I'm pretty sure its possible, but you need a washer as a spacer if I recall correctly.

Never done one myself, but I might have to try on one of my "bad" clickies.

Maybe check the McGizmo section

Sorry I'm not more help with this one.


----------



## brighterisbetter

A bit OT, but what is it with CPF'ers being late-nighters?  Seems like we're always burning the midnight oil. :candle: I make a post, thinking that I'm the weirdo for staying up late on CPF and not expecting to get a response till the next morning, then low and behold it happens. I love this place.


----------



## DaFABRICATA

brighterisbetter said:


> A bit OT, but what is it with CPF'ers being late-nighters?  Seems like we're always burning the midnight oil. :candle: I make a post, thinking that I'm the weirdo for staying up late on CPF and not expecting to get a response till the next morning, then low and behold it happens. I love this place.


 



*ITS DARK AND WE LIKE FLASHLIGHTS!!!!*

They go hand in hand....


----------



## DHart

The button on my Z41 sticks slightly on each first press, but not thereafter until the next first use. Seems like I need to get in there and do a little r'n'r. I pulled the coil out, but the allen head connector is tight... before I start wrenching on it I thought I'd ask for some dis-assembly, maintenance tips, and re-assembly advice... can anyone help with that? Thank you!


----------



## fritzcat

Nice list -- handy for reference!


----------



## ElectronGuru

etc said:


> Question about Z41 tailcap.
> 
> Anyway, I like the Z41 tailcap but the weird thing is, it has different degrees of pressure that I need to apply to turn it on depending on the body that I use it on. I have several bodies that I tried:
> 
> * Surefire 9P body.
> * Leef 2x18500 body
> * FiveMega 2x18500 body
> 
> The strange thing is the easiest one to activate (meaning push for instant-on) is the FiveMega body. The second easiest is Surefire 9P and the hardest is Leef. FiveMega takes little pressure to active and to hold, while with Leef it takes more pressure and more pressure to hold activated in instant-on mode.
> 
> And it's the same Z41 unit on both. Why is that?
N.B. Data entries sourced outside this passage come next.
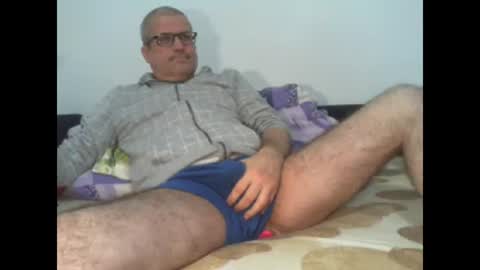 Snapshot of eyes12 chatting on December 23, 2025, 3:26 am GEORGE online show from December 23, 2025, 3:26 am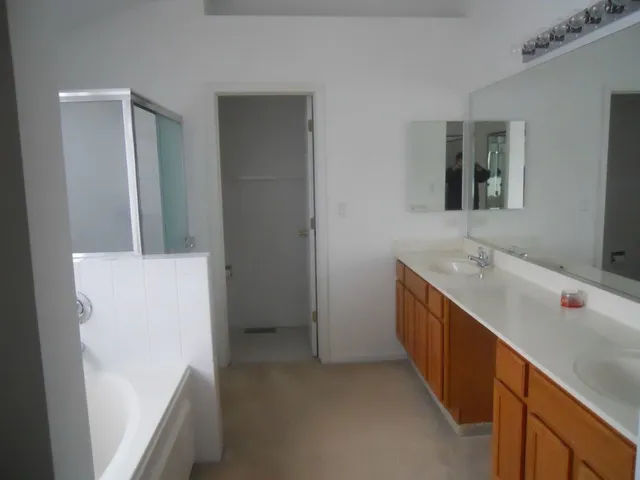 $3,400 | 524 East Knox Street, Palatine, IL 60074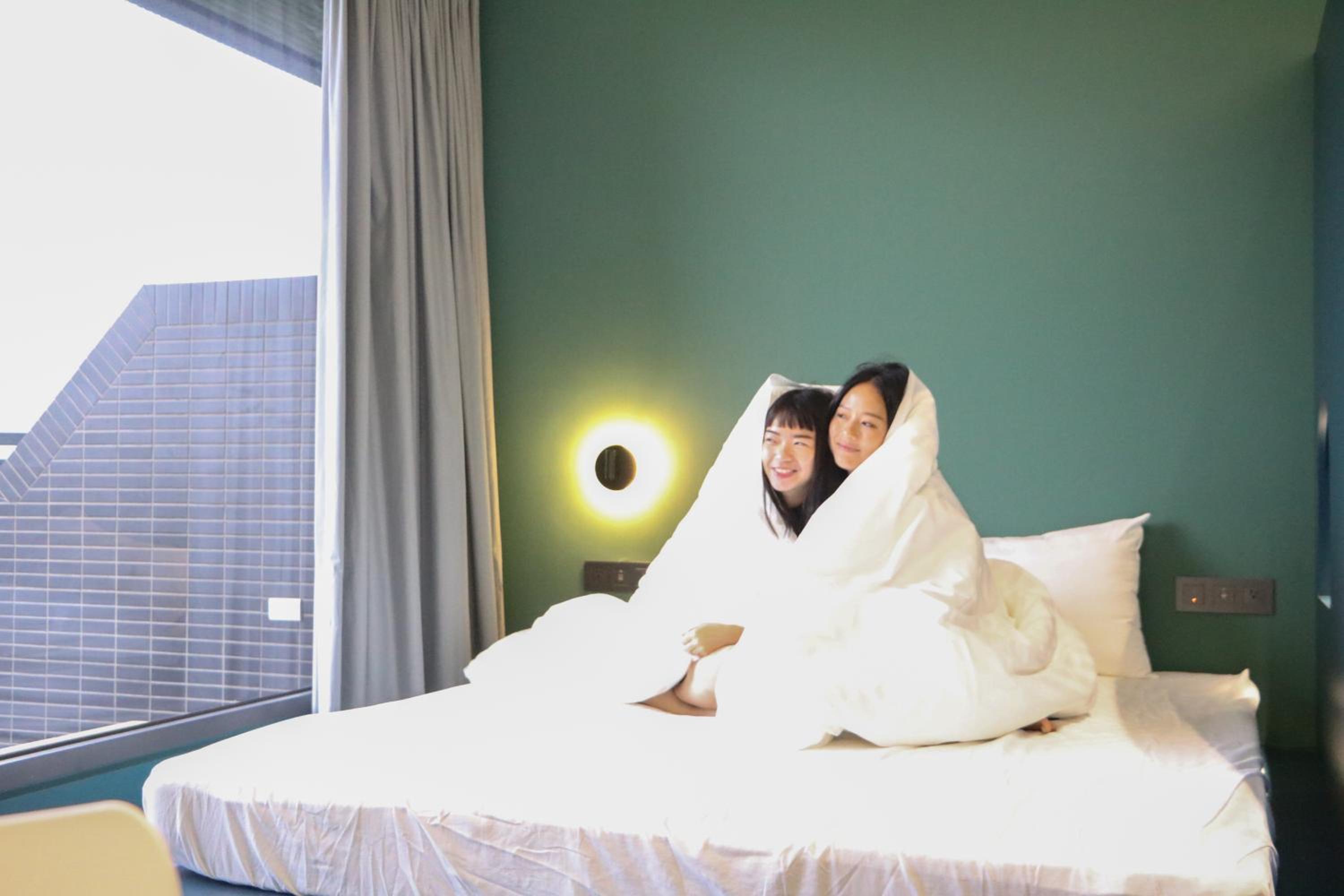 Six People Suite - Photo 3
Based on my experience here, and without seeing them in person, I'd guess you are dealing with a specification difference. The resistance from the switch is in part, the result of pressure exerted by the batteries against the tailcap spring. The farther away the lamp module (either from being not fully seated or simply a longer tube), the less pressure against the spring. Less pressure there = less pressure required to activate the switch.


----------



## ElectronGuru

Here's a view, comparing several Z41's, Z48/49's, and the Z59 in the same image


----------



## Solscud007

Here are some more pics. Since I got my C2 Emerson in HA-BK I took some pics compared to a normal Z41-BK vs Z41- HA-BK

Also I took a pic of my variant colors.


----------



## ElectronGuru

Red?.


----------



## DimeRazorback

6P Patriot


----------



## ElectronGuru

Yup, been that kinda day!


----------



## ctcfirearms

Excuse my ignorance, but does anyone know the model # for this tailcap? It's early 1990's production.


----------



## Size15's

Looks like a Z14. Really old-school smooth rubber switch boot before they switched (sic) to the raised, knurled version (Z31).

That far back in Laser Products/SureFire past is difficult to be definitive - especially when it comes to TailCaps in my experience... 

Al


----------



## ctcfirearms

Thanks for the speedy reply Size15! 

:thumbsup:


----------



## Lolaralph

Does anyone know if a Z59 tailcaps finish will match an early 6P, one with a lexan lens


----------



## Kestrel

Solscud007 said:


>


I just *had* to quote the above pic for it's coolness factor. 

Here's a photo of the interior of my Z41 tailcap from my recently-received C2. I think that the old hex nut variant is really neat. 










Would anyone happen to know if there is a new designation/addition regarding the Z62 tailcap (L1/L2/A2)? The different styling (i.e the machined cutouts instead of knurling) of the LX2/A2L tailcap would almost require two different SKU's for SureFire - if a customer requires a replacement for one of the multitude of L1/L2/A2 tailcaps out there, my guess is that many would be dissatisfied with the dramatic styling difference for their older lights. If SF can warranty both the new-style and the old-style tailcap, it would make sense IMO to have stock categories for both styles. :thinking:

Just some idle thoughts this morning...


----------



## Mike Kerr

Sigh

So much information - so little time. This is another example of a "got to read that" thread. There are so many floating around - I hate to do a search when there is already so much posted that I have not yet read. Otherwise I would post as much as I lurk.

Regards,


----------



## jimmy1970

Crappy Iphone photo but here is a Z14 from the late 90's.


----------



## Swagg

Size15's said:


> It was not designed for flashlights.
> The SW01 and SW02 were designed for the Millennium Universal WeaponLights. They were over-sized to provide grip - especially to gloved hands, including in the cold and/or wet, and when the Operators were in very stressful situations.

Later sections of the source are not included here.